I've done detail demo video in English do watch...Enjoy...♥


  1. Dear Vidya Lakshmi,
    i had watched your Briyani . It is very nice & good . It is easy to follow . What Gravy kulambu can be prepared along with briyani? Salna ? Simple mutton kulambu?.

    1. Hello

      We never have the habit of serving the biryani with a gravy or any sauce since the biryani is already spicy moist and has good taste i dont like to serve it up with any thing other than a simple raita and eggs...thank you...:)

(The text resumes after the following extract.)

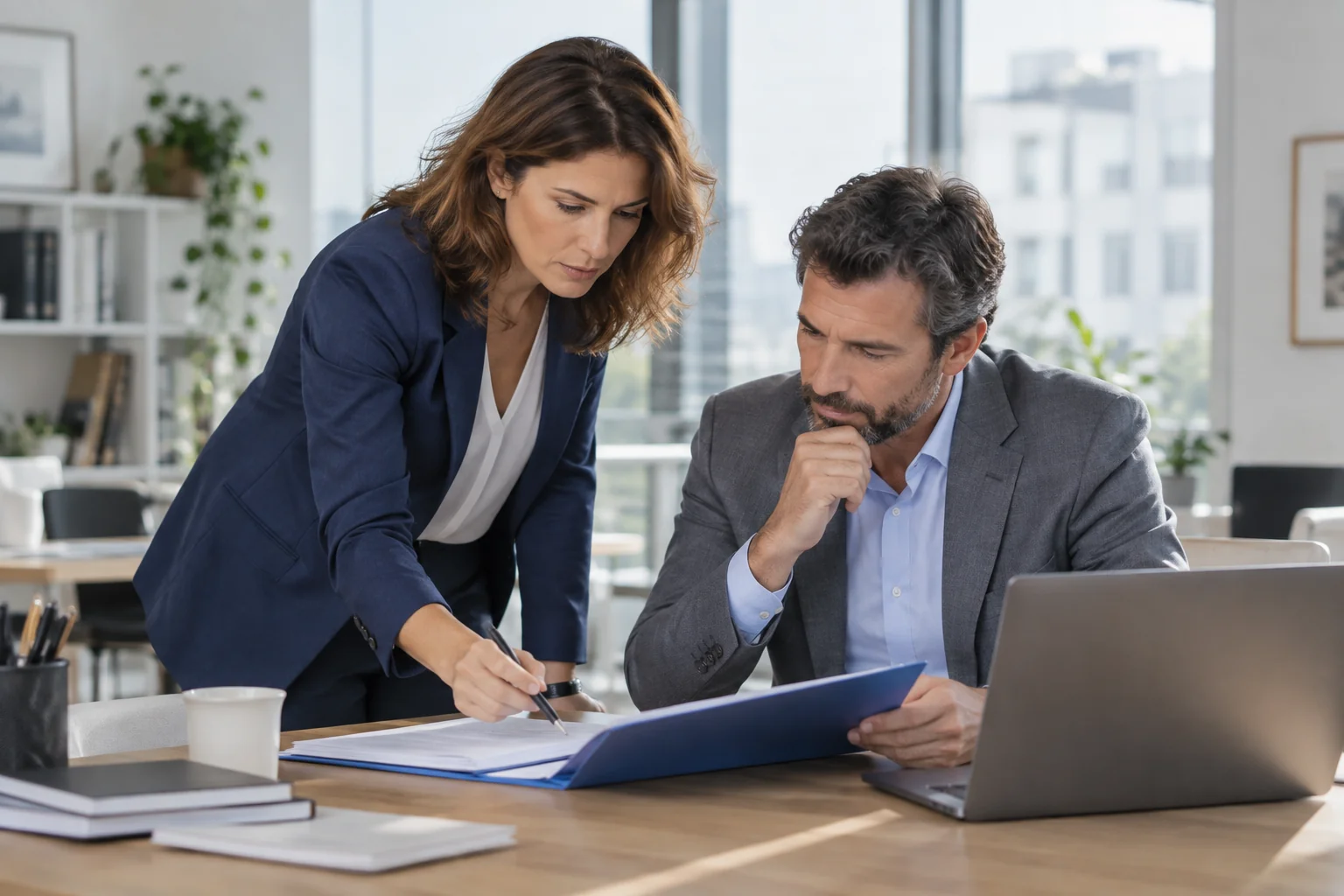 Illustrazione di consulenti che organizzano dati aziendali e pratiche di finanziamento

  2. We live in California Bay Area, Today came across your recipe for Mutton Biryani and our Sunday lunch was absolutely delicious. My husband loved it and wanted me to post you a "Thank you". The biryani turned out to be so colorful and delicious. Thank you for the recipe and Thank you for making the Easter Sunday lunch a yummy one.

    Looking forward for more recipes like this!

  3. Its our 2nd wedding Anniversary today and my husband loves Tamil Nadu style Mutton Biryani. while planning to make our Anniversary lunch, I stumbled upon your recipe in youtube.

    whaaaaaaaaaaaata taste! The entire apartment building complex was filled with the biryani aroma, a couple of neighbor friends came by check today! I cannot believe that I could cook so well. All credits to you! we even ditched the idea of going out for dinner outside and we are having the biryani for dinner as well :)

    You should be gifted with a golden bangle for giving a tasty recipe like this!
    Thanks sooooooooooo much! you made our day!

  4. Nice recipe. Do you have recipe for thalapakatti biryani style or dindugul biryani style?

    Also for chettinad style mutton/nalli elumbu kolambu or chettinad style mutton fry?
    - Nethra

  5. Dear vidu... Yours is a fantastic blog... I m daily visiting ur blog... Tried ur ghee roast n raja fish fry n coconut rice.. Oh my god everything turned out to be a restaurant style... God bless you for that sista as am newly married n don't know anything in cooking... Yours is a library for me n the best library. Sista am planning to host a treat for my friends... Can u please help me out as am actually not good in salt measurement whenever I have tried biryani it used to be a disaster because of salt .. Except I have passed in coconut rice of yours because you have given the exact salt measurement.. No other cooking blogs give salt measurement except yours. Sista please tell me how much salt to be added for the mutton biryani n how much cup of rice to be used for 2 to 4 ppl. Please gimme the exact salt measurement sista. Also please do spicy biryanis n there are so much biryanis like thalapakatti dindugal biryani... Please sista expecting your reply.
    Either through mail or ur updated biryani post for the above or reply message.